Pode-se depreender que a Instrução Normativa, inovando os preceitos normativos, estipulou que os lucros auferidos no exterior somente seriam adicionados na determinação do lucro real, caso estes tenham sidos disponibilizados pela pessoa jurídica residente no Brasil.
A Instrução Normativa nº 38/96 também regrou a possibilidade das empresas controladas ou coligadas no exterior, postergarem a tributação de seus lucros, valendo-se da regra de disponibilização.
Levando-se em conta esse paradigma, a Lei nº 9.253 de 1997[18] fez, certamente, ao ajustar o momento da disponibilização com o momento da apuração, assinalando que:
“Art. 1º Os lucros auferidos no exterior, por intermédio de filiais, sucursais, controladas ou coligadas serão adicionados ao lucro líquido, para determinação do lucro real correspondente ao balanço levantado no dia 31 de dezembro do ano-calendário em que tiverem sido disponibilizados para a pessoa jurídica domiciliada no Brasil.
§ 1º Para efeito do disposto neste artigo, os lucros serão considerados disponibilizados para a empresa no Brasil:
a) no caso de filial ou sucursal, na data do balanço no qual tiverem sido apurados;
b) no caso de controlada ou coligada, na data do pagamento ou do crédito em conta representativa de obrigação da empresa no exterior.c) na hipótese de contratação de operações de mútuo, se a mutuante, coligada ou controlada, possuir lucros ou reservas de lucros;d) na hipótese de adiantamento de recursos, efetuado pela coligada ou controlada, por conta de venda futura, cuja liquidação, pela remessa do bem ou serviço vendido, ocorra em prazo superior ao ciclo de produção do bem ou serviço.
§ 2º Para efeito do disposto na alínea "b" do parágrafo anterior, considera-se:
a) creditado o lucro, quando ocorrer a transferência do registro de seu valor para qualquer conta representativa de passivo exigível da controlada ou coligada domiciliada no exterior;b) pago o lucro, quando ocorrer:
1. o crédito do valor em conta bancária, em favor da controladora ou coligada no Brasil;
2. a entrega, a qualquer título, a representante da beneficiária;
3. a remessa, em favor da beneficiária, para o Brasil ou para qualquer outra praça;
4. o emprego do valor, em favor da beneficiária, em qualquer praça, inclusive no aumento de capital da controlada ou coligada, domiciliada no exterior”.

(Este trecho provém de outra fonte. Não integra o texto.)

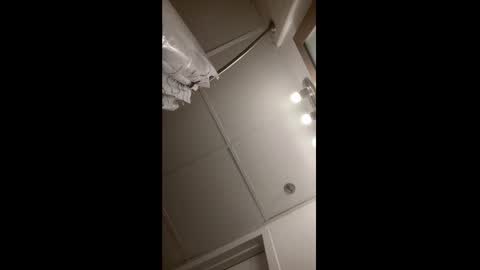 Snapshot of mskitty000 chatting on November 7, 8:09 pm mskitty000 online show from November 7, 8:09 pm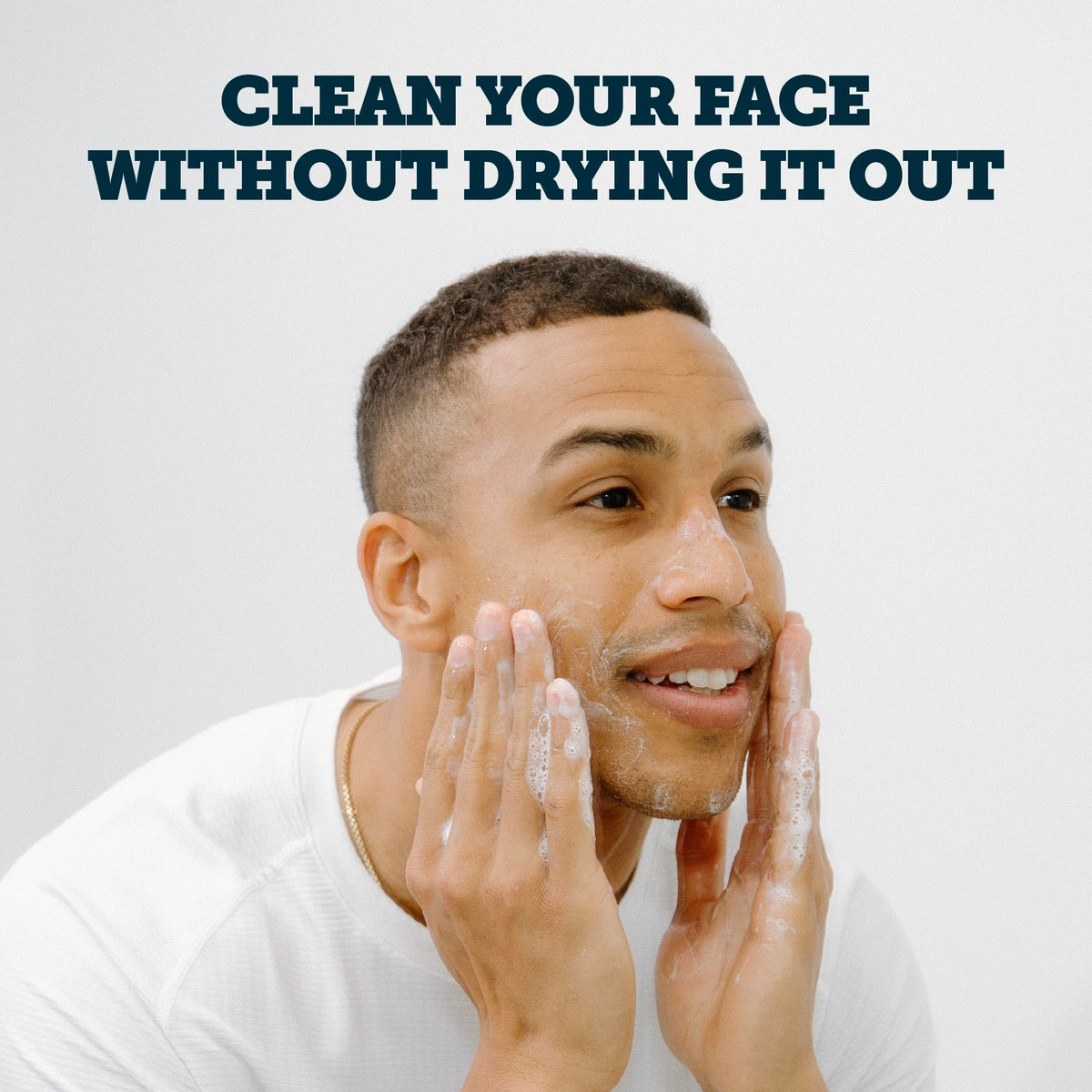 Oars + Alps Hydrating Gel Face Wash with hyaluronic acid hydrates while cleansing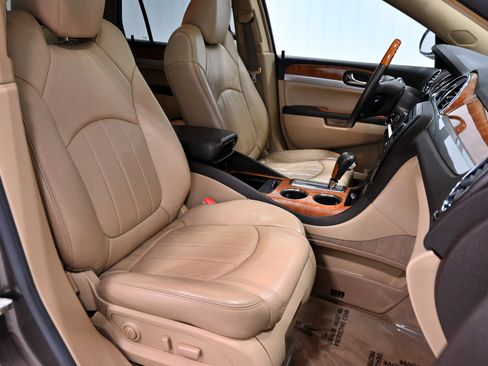Used 2009 Buick Enclave CXL w/ Entertainment Package #4 AWD/4WD image 22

Os artigos retromencionados consideraram os lucros disponibilizados na data do balanço no qual foram tiverem sido apurados, combinando o momento da apuração com o momento da disponibilização.
Dessa forma verifica-se que a Lei confere limites à esta Instrução Normativa, principalmente, aos fatos geradores que identificam a disponibilização do lucro pela empresa no exterior.
Logo após, com o advento da Medida Provisória 2.158-35/2001, estipulou-se que o lucro auferido pela coligada ou controlada seria considerado como disponibilizado no Brasil na data do balanço no qual tivesse sido apurado, resultando, no entanto, segundo Taciana Alves[19] como: “extrapolação ao próprio conceito de universalidade, na medida em que, enquanto os rendimentos não forem disponibilizados para a sociedade brasileira, o Estado nacional acaba tributando renda de titularidade de empresas independentes (que não possuem conexão pessoal com o ordenamento nacional), não havendo, nessa hipótese, sequer a existência de uma conexão material da fonte (ainda não disponibilizada) com o ordenamento pátrio.
Por fim, urge mencionar que o princípio da universalidade enquanto fundamento do ornamento jurídico brasileiro, é o princípio capaz de gerar tributação aos fatos ocorridos no exterior, revelando-se, portanto, como ferramenta de efetivação do princípio da renda mundial.